* About this task
Transcribe only the lines from the one containing "Rachel Zoe Black" through the final line of the entries below, exactly, and exclude the pictures.

[Short web captions]

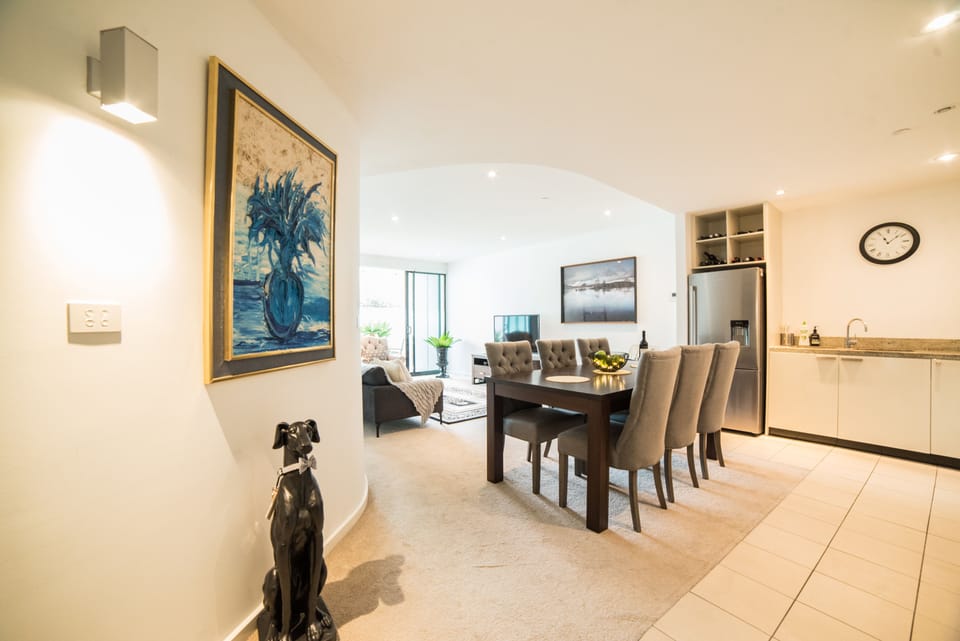 Executive Apartment | In-room dining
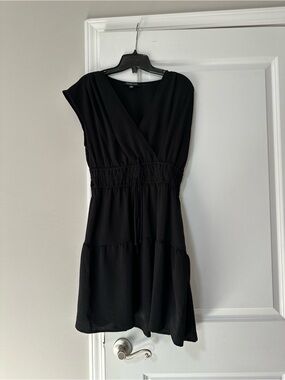 Rachel Zoe Black Sleeveless V-Neck Drawstring Mini Dress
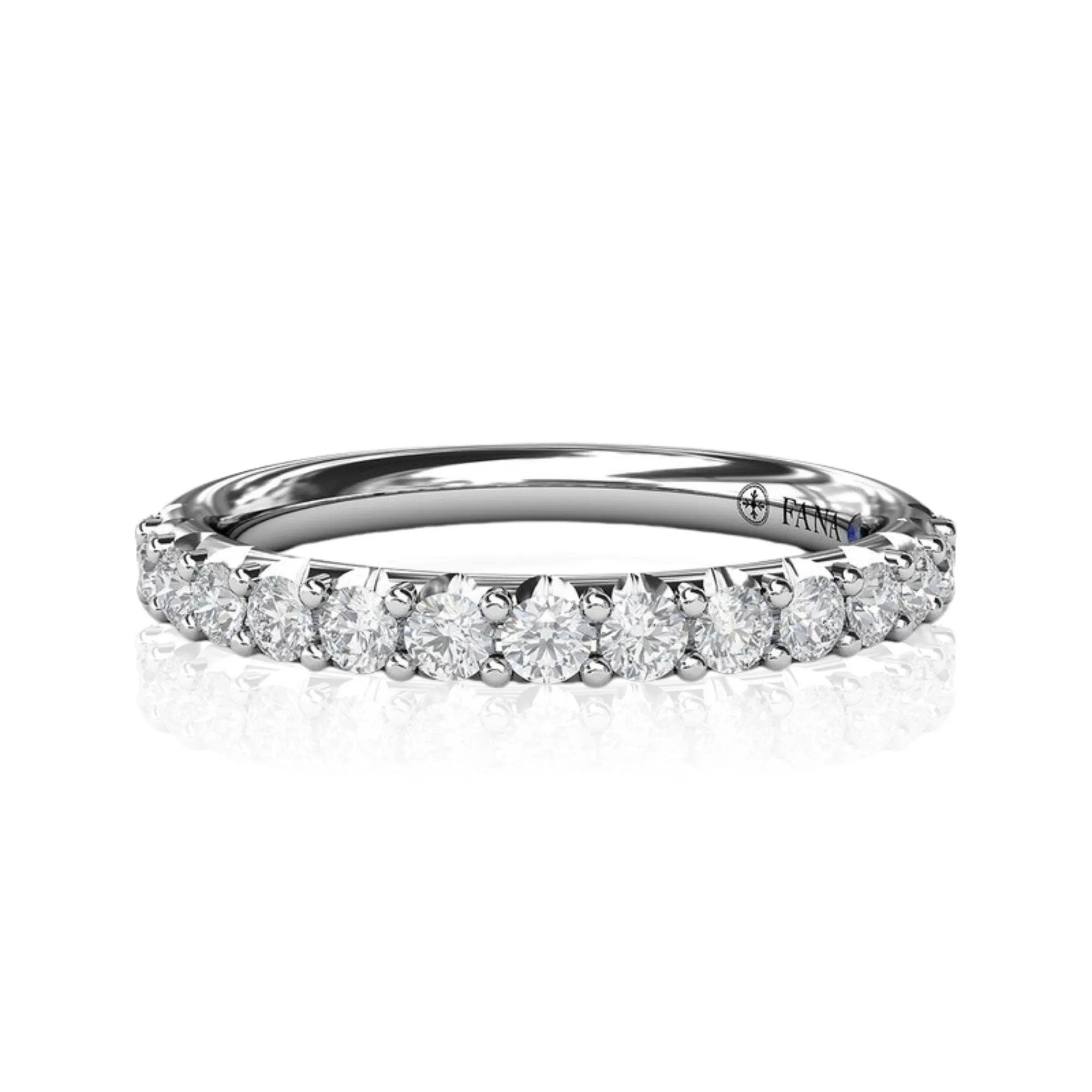 14K WHITE GOLD SHARED PRONG ROUND DIAMOND WEDDING BAND - 0.53CTW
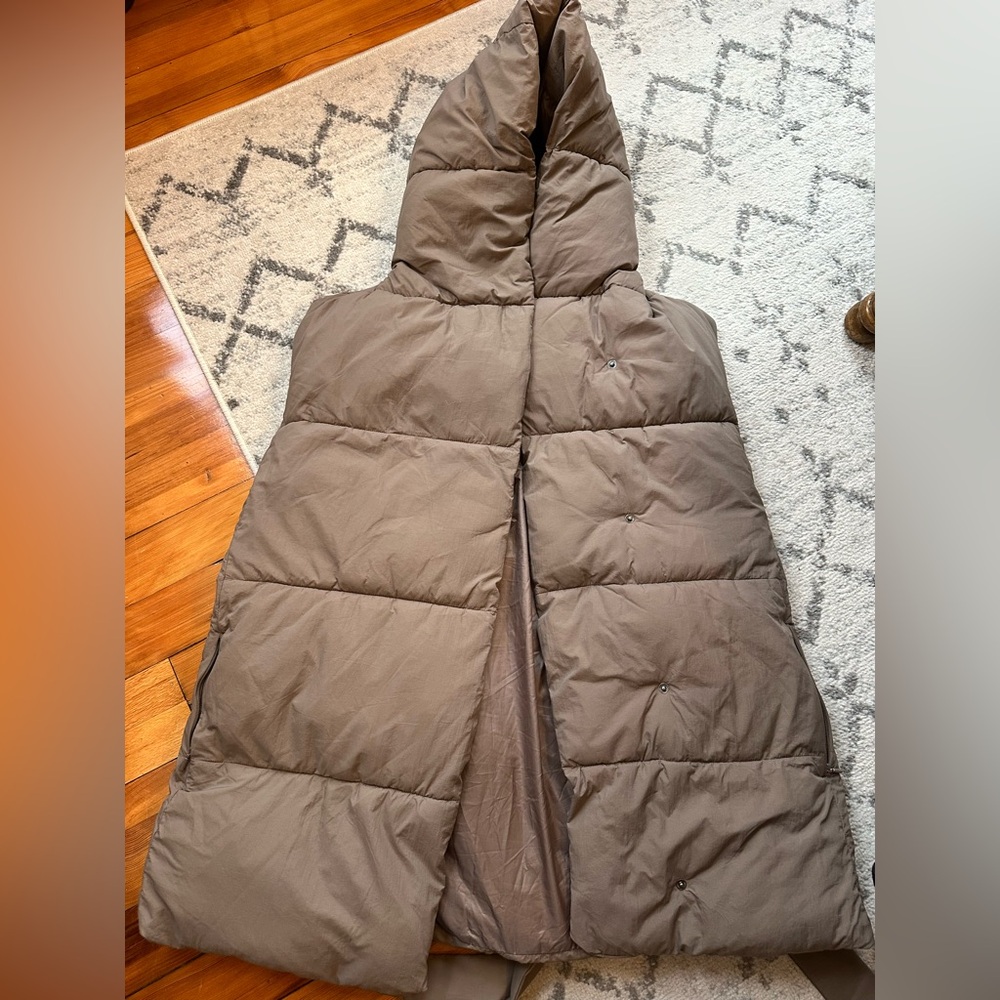 Gap puff vest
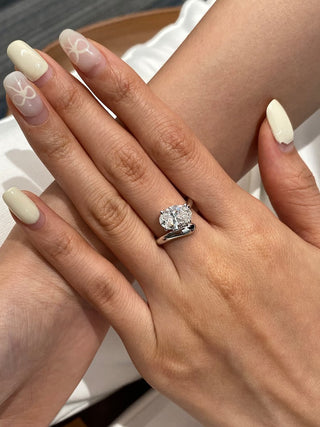 Bague de fiançailles unique avec diamant en moissanite taille ovale de 1,50 à 2,50 ct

* Task output
 Rachel Zoe Black Sleeveless V-Neck Drawstring Mini Dress
 14K WHITE GOLD SHARED PRONG ROUND DIAMOND WEDDING BAND - 0.53CTW
 Gap puff vest
 Bague de fiançailles unique avec diamant en moissanite taille ovale de 1,50 à 2,50 ct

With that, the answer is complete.